Все замолчали, как бы прикидывая, сколько всего можно будет купить за такие страшные деньги... Макалов оглядел присутствующих, словно считал всех по головам; рука его полезла в карман... 

 – Вот выдай вам каждому по пачке хрустящих баксов, прямо сию минуту, персонально в руки, и сразу всё станет прекрасно, правда? И все довольны, и все мы будем "братья и сестры". Разве нет?.. 

 В затянувшейся паузе Макалов расплатился с продавщицей и вышел из магазина...

 Тут уж не до хлеба, Игорь Степанович, опомнившись, рванулся за ним, выскочил, не помня себя, на улицу, напугав встречную парочку, но увидел лишь уплывавшие огоньки «Мерседеса». Его трясло, трясло так сильно, как когда-то перед дракой в ночной электричке... 

 – Гад... гадина!.. 

 Через дорогу появилась свадьба: жених с невестой выбрались из машины и вошли в избирательный участок, следом толпа с шампанским, цветами и кинокамерой. Додумались же... Игорь Степанович подобрал выпавший из руки пакет, встряхнул его от талого снега. 

 – Пойдём-ка мы лучше к рынку, там купим. 

 Прошёл несколько метров и встал. К нему навстречу шёл Пашка Голиков, его давнишний с детства приятель, с которым у них была одна компания, включая Пашкиного брата-близнеца Тольку. Что-то хмурый... 

 – Привет, – сказа он, будто только вчера расстались. 

 – Туда, что ль? – кивнул Игорь Степанович в сторону избирательного участка. 

 – Туда. 

 – Понятно, без вас разве выберут. А кстати, где Толян? Вы же обычно вместе такие мероприятия посещаете. 

 – Он свое уже выбрал, второй день, как похоронили.

 – Да ты что, Паш! Я ж его видел вот, недавно, на рынке... 
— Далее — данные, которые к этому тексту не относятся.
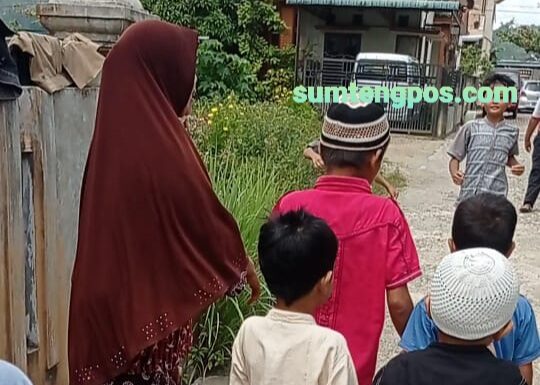 SEDEKAH JUM’AT DAPAT MENAMBAH JUMLAH ANGGOTA RANTING SITAMIANG & BATUNADUA 0leh: Fitri Agustina, MPd & Sutan Siregar, MH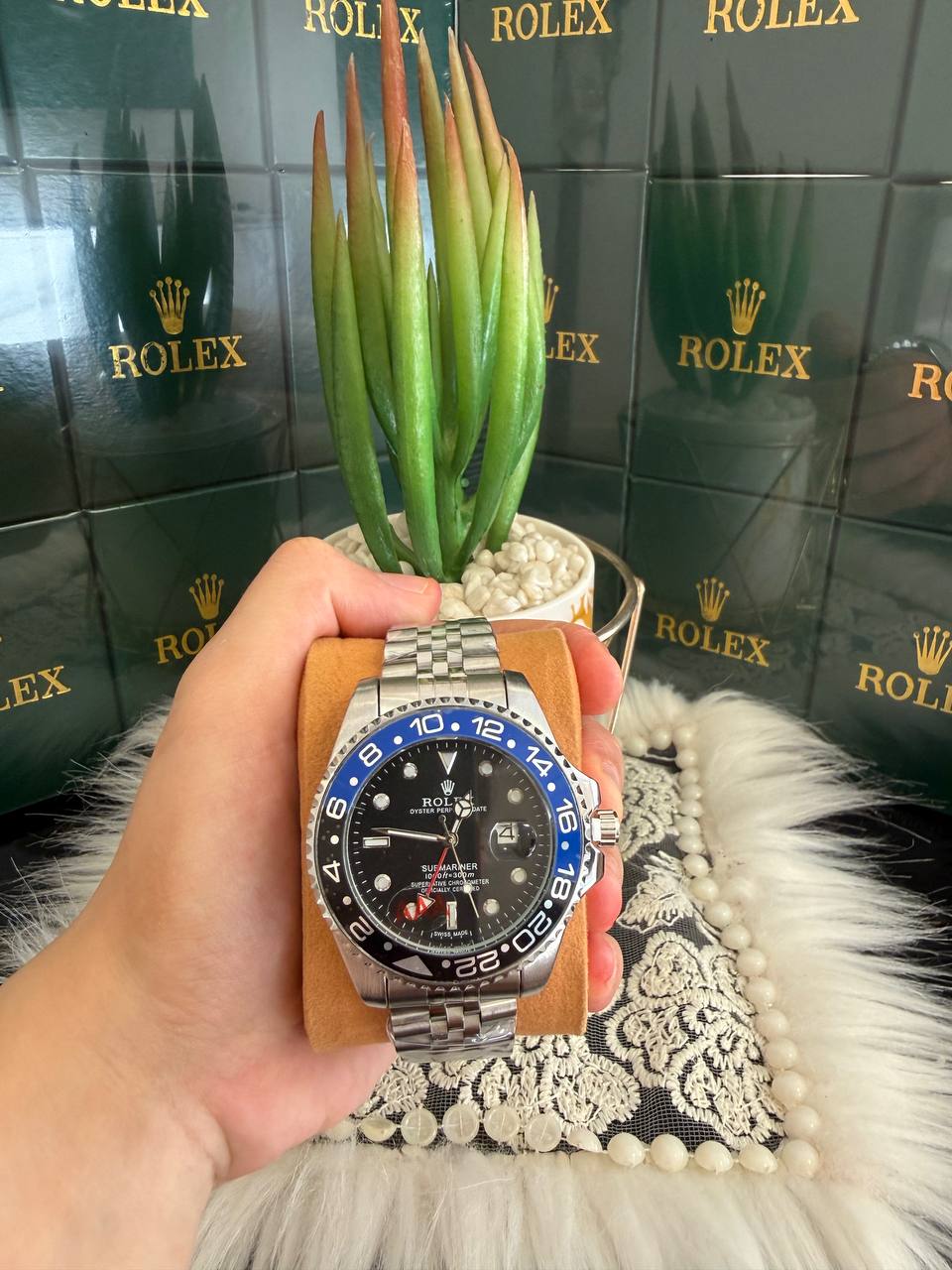 Montre Rolex GMT-Master II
 – Повесился в бане. Теперь общественные посещаем... хоть разбирай ее совсем. 

 – И не сказал мне?!

 – Я звонил, ты трубку не брал.

 – У меня же теперь новый номер!

 – Я так и понял.

 – Ай, Пашка-а!.. 

 – Давай помянем, что ли. Подожди только, проголосую, пойдём ко мне, я один сейчас. Лелька у дочки в Германии. Подождёшь? 

 – Конечно.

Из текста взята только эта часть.